Code to scrape and parse data from Bharat Broadband Network Limited site - https://bbnl.nic.in/
Tested with python version 3.9.4
Python requirements are in the requirements.txt
file. Run pip install -r requirements.txt
to install the requirements.
Alternatively use the Dockerfile
to run using run.sh
./run.sh python scrape.py <args>
usage: scrape.py [-h] [-c COMP [COMP ...]] [-n NO_COMP [NO_COMP ...]] [-a ACTION [ACTION ...]] [-p NUM_PARALLEL] [-l {DEBUG,INFO,WARNING,ERROR,CRITICAL}]
optional arguments:
-h, --help show this help message and exit
-c COMP [COMP ...], --comp COMP [COMP ...]
component to work on, should be one of dict_keys(['active_gps', 'status_active_gps', 'block_connected_gps', 'block_graphs', 'locations', 'implementers', 'panchayats',
'planned_nofn'])
-n NO_COMP [NO_COMP ...], --no-comp NO_COMP [NO_COMP ...]
component to skip, should be one of dict_keys(['active_gps', 'status_active_gps', 'block_connected_gps', 'block_graphs', 'locations', 'implementers', 'panchayats',
'planned_nofn'])
-a ACTION [ACTION ...], --action ACTION [ACTION ...]
action to execute, one of ['list', 'scrape', 'parse']

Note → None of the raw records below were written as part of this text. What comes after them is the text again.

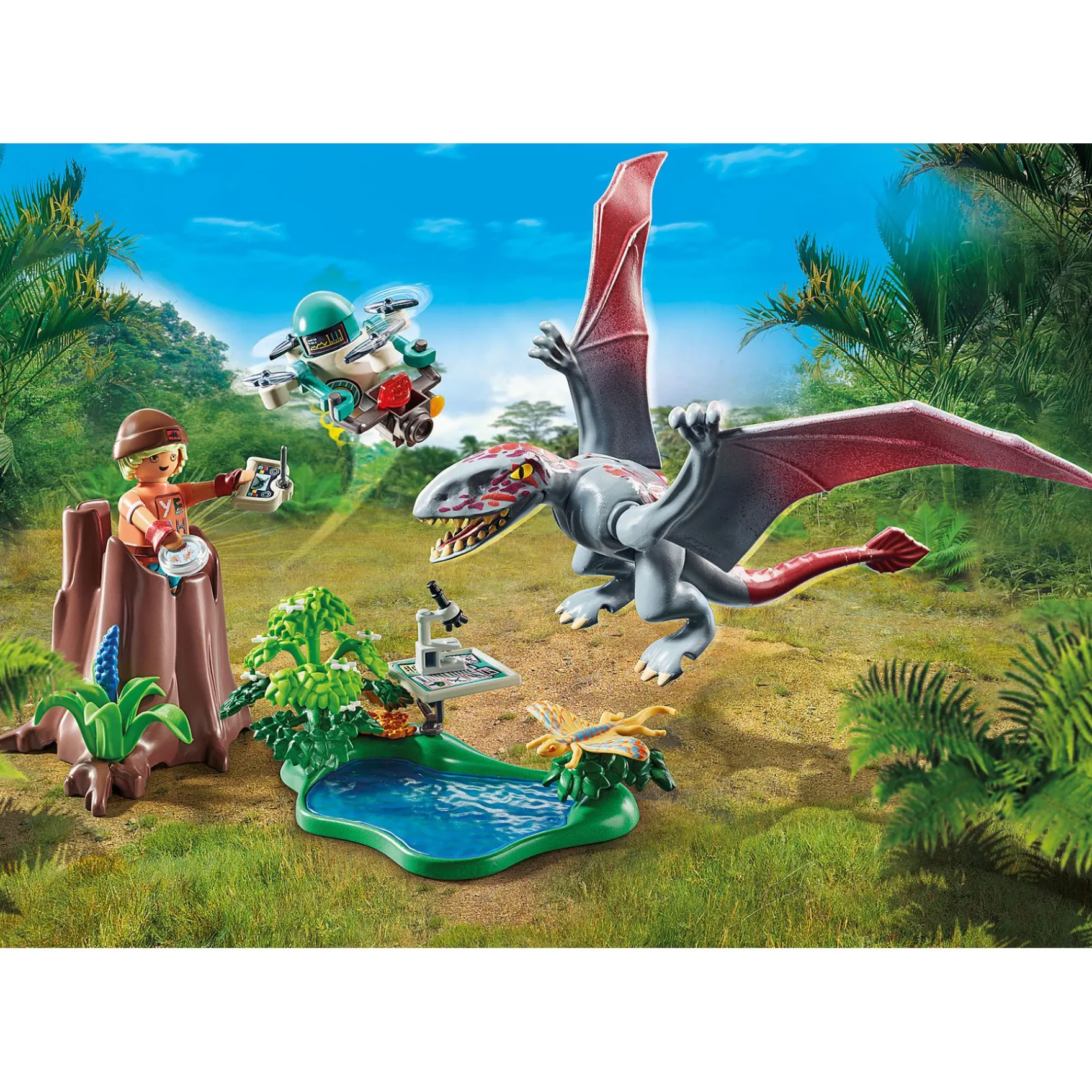 Playmobil 71525 Dinos Observatiepost Voor Dimorphodon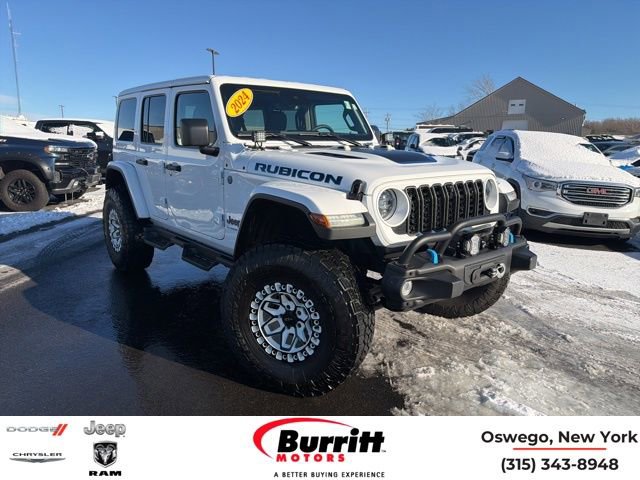 Used 2024 Jeep Wrangler Unlimited Rubicon 4xe image 1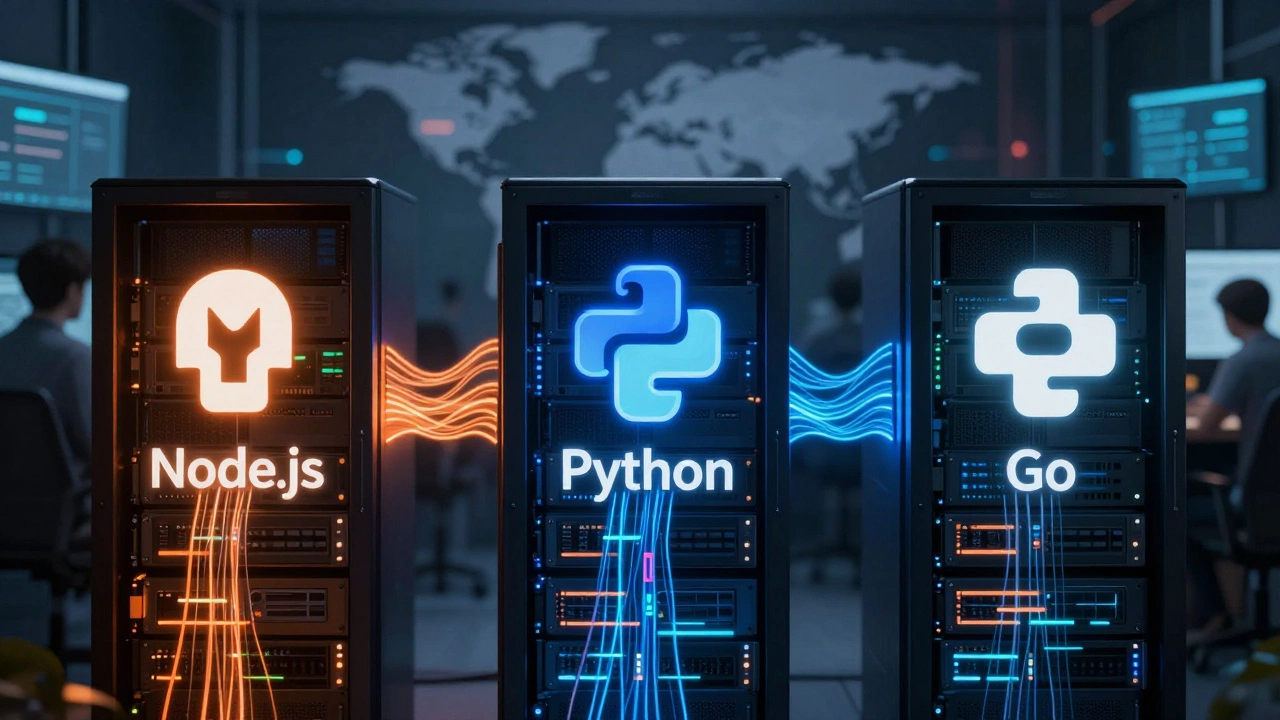 На каком языке лучше писать сервер: выбор для скорости, стабильности и простоты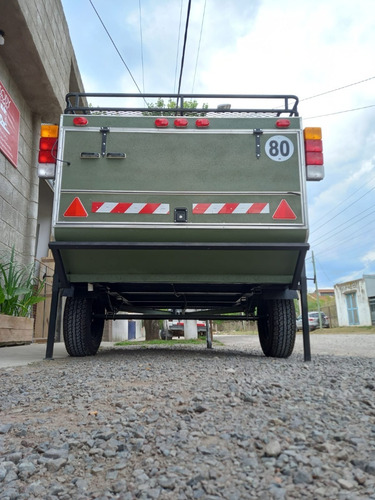 Imagen 10 de 25 de Mini Casa Rodante Tipo Off Road Homologada Categoría O1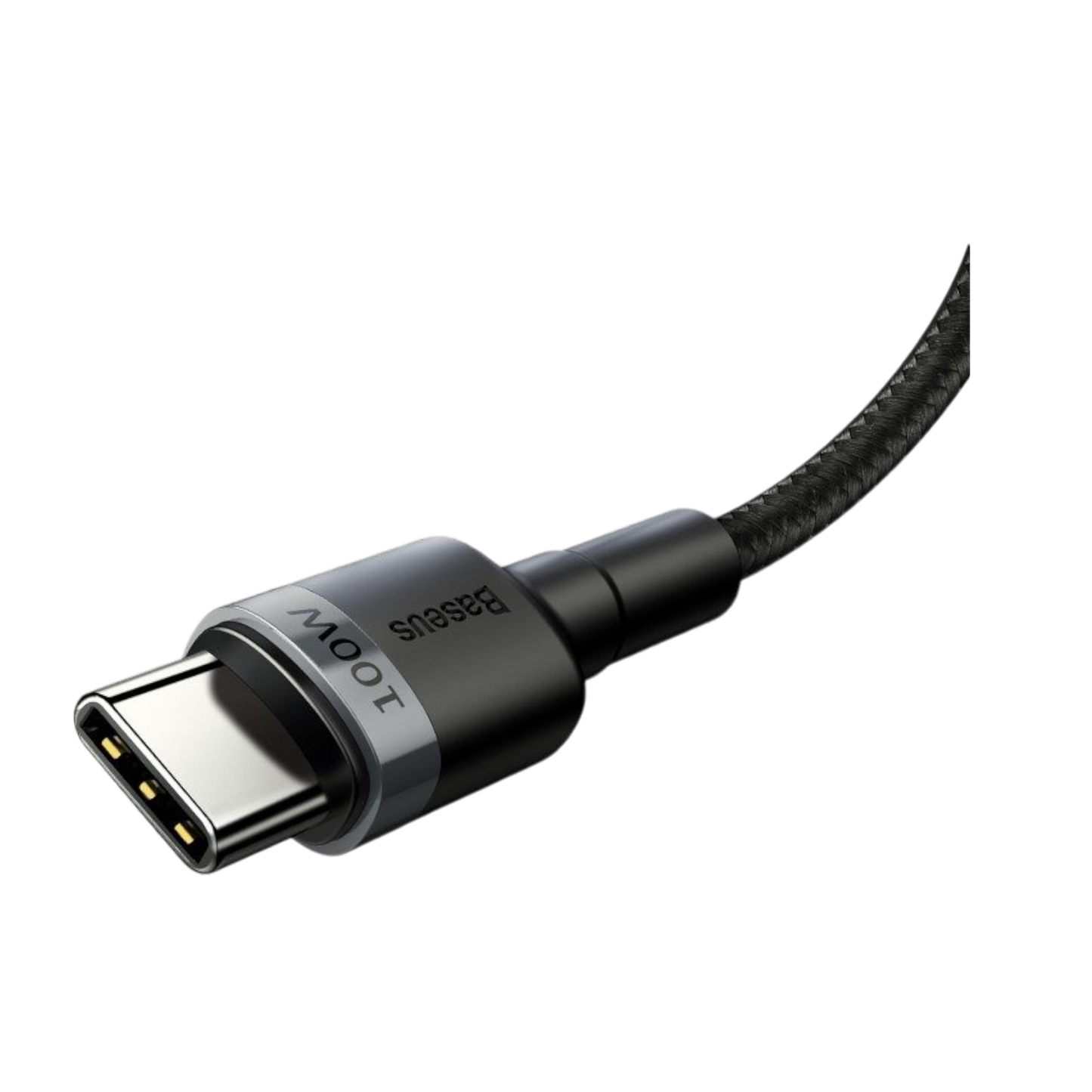 Baseus USB C zu USB C 2m Ladekabel 100W Schnellladekabel Datenkabel für Handy PC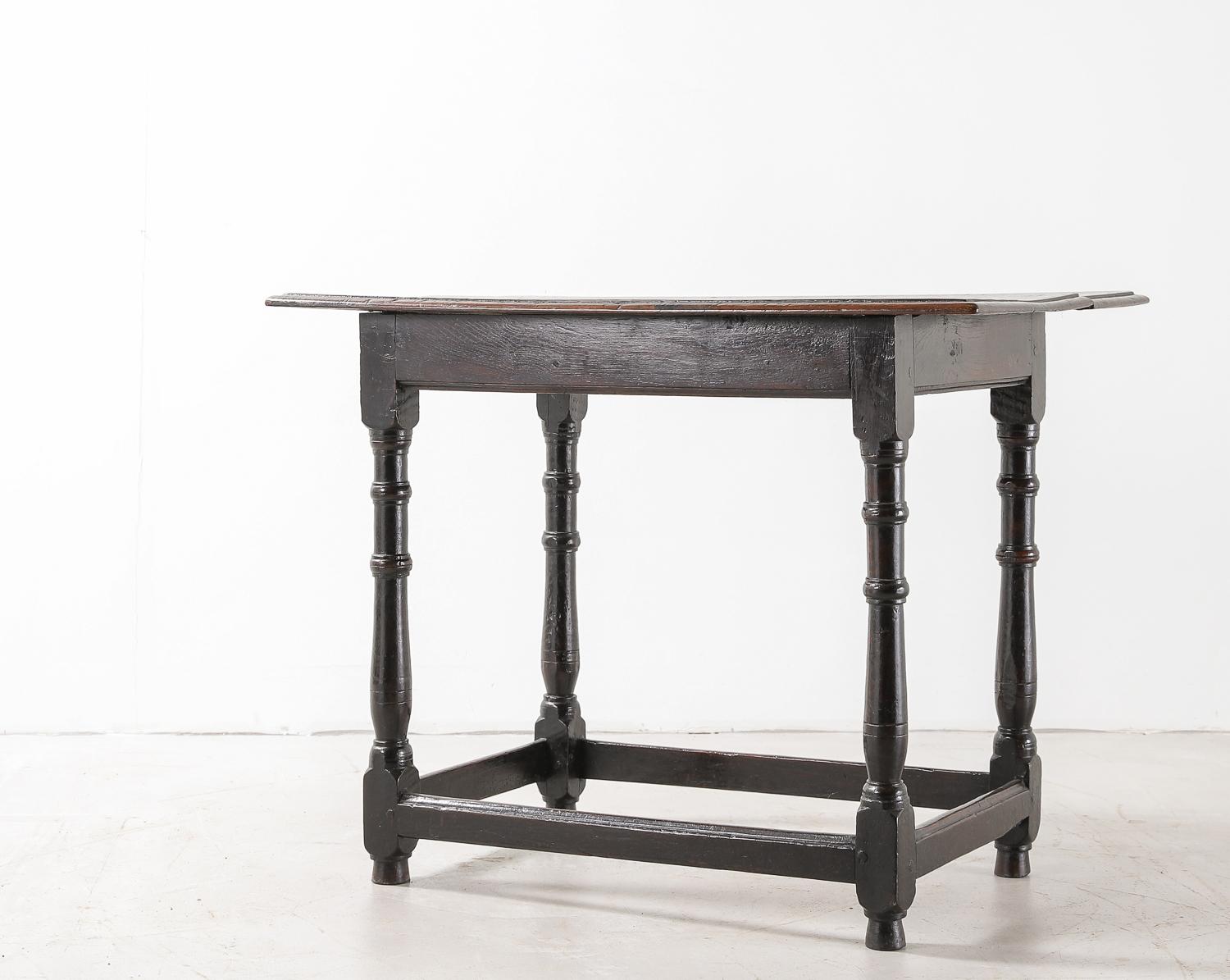 William and Mary William & Mary Joined Oak Centre Table, Circa 1690 For Sale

-p NUM_PARALLEL, --num-parallel NUM_PARALLEL
number of parallel processes to use
-l {DEBUG,INFO,WARNING,ERROR,CRITICAL}, --log-level {DEBUG,INFO,WARNING,ERROR,CRITICAL}
Set the logging level
Sample Usage:
./run.sh python scrape.py -l INFO -c status_active_gps -p 10
This is a WIP.